RECORDS SHOWN:
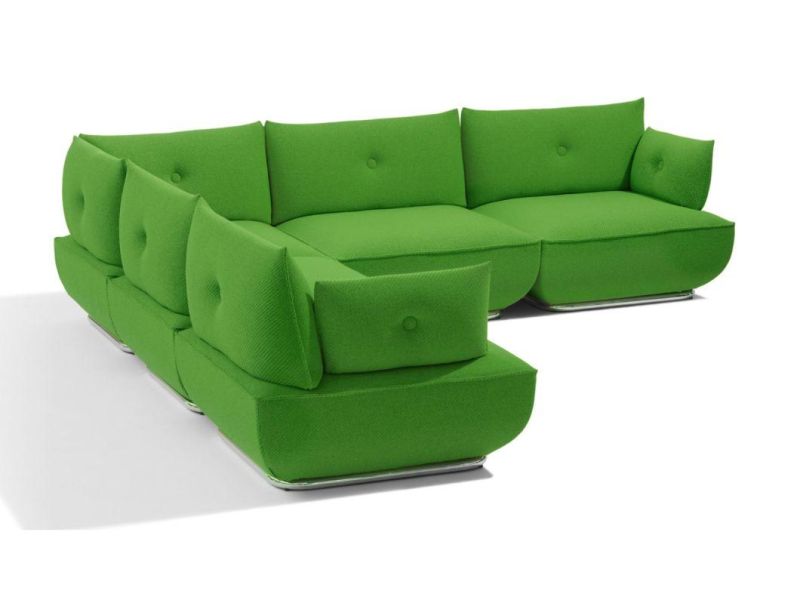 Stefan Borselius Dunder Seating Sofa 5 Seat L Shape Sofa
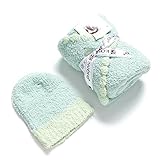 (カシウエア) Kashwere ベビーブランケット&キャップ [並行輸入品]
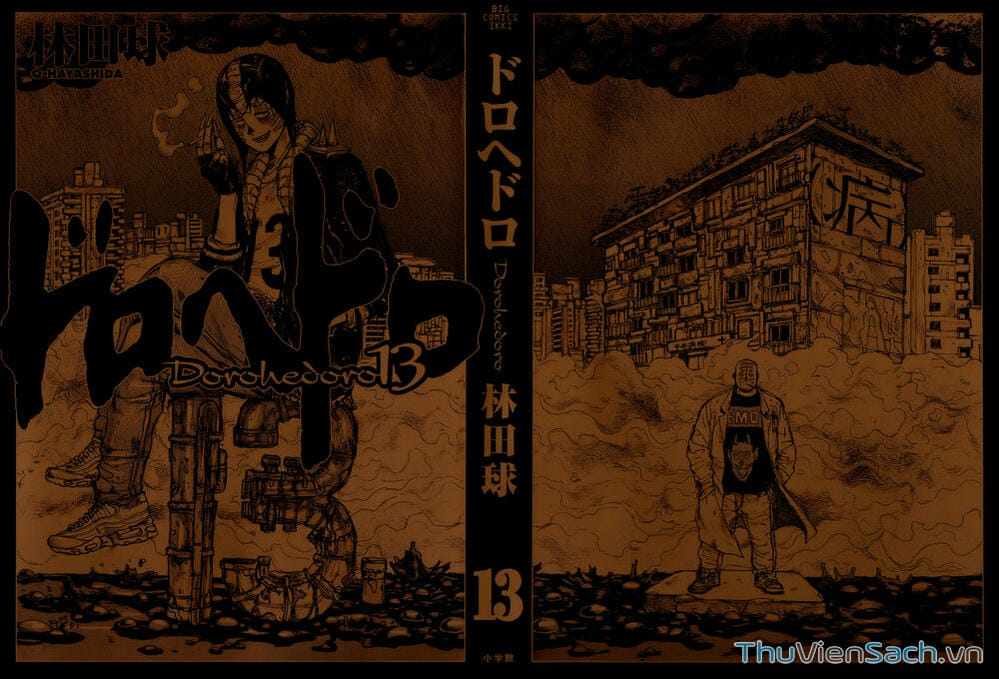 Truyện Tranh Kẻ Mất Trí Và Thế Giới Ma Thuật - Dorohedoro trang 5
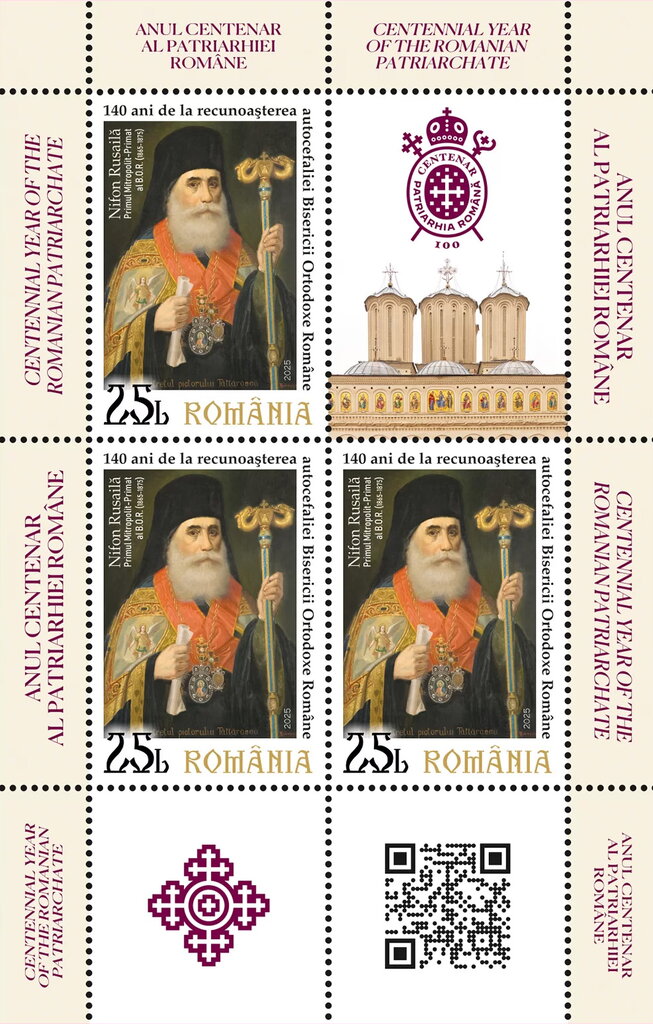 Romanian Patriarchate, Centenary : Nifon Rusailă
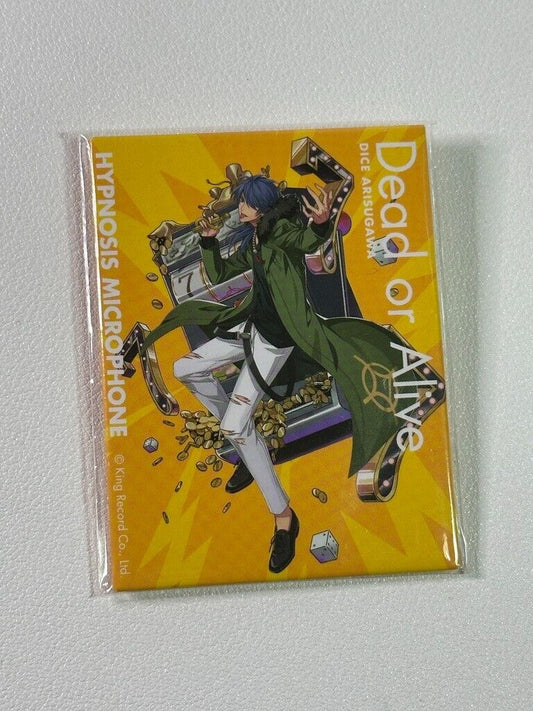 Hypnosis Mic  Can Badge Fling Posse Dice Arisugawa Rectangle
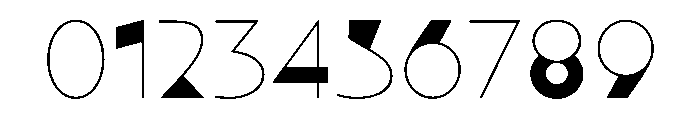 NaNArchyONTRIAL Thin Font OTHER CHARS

DIRECTIONS:
Except for the pictures, give all the material above again verbatim.

RESPONSE TO THE EXERCISE:
 Stefan Borselius Dunder Seating Sofa 5 Seat L Shape Sofa
 (カシウエア) Kashwere ベビーブランケット&キャップ [並行輸入品]
 Truyện Tranh Kẻ Mất Trí Và Thế Giới Ma Thuật - Dorohedoro trang 5
 Romanian Patriarchate, Centenary : Nifon Rusailă
 Hypnosis Mic  Can Badge Fling Posse Dice Arisugawa Rectangle
 NaNArchyONTRIAL Thin Font OTHER CHARS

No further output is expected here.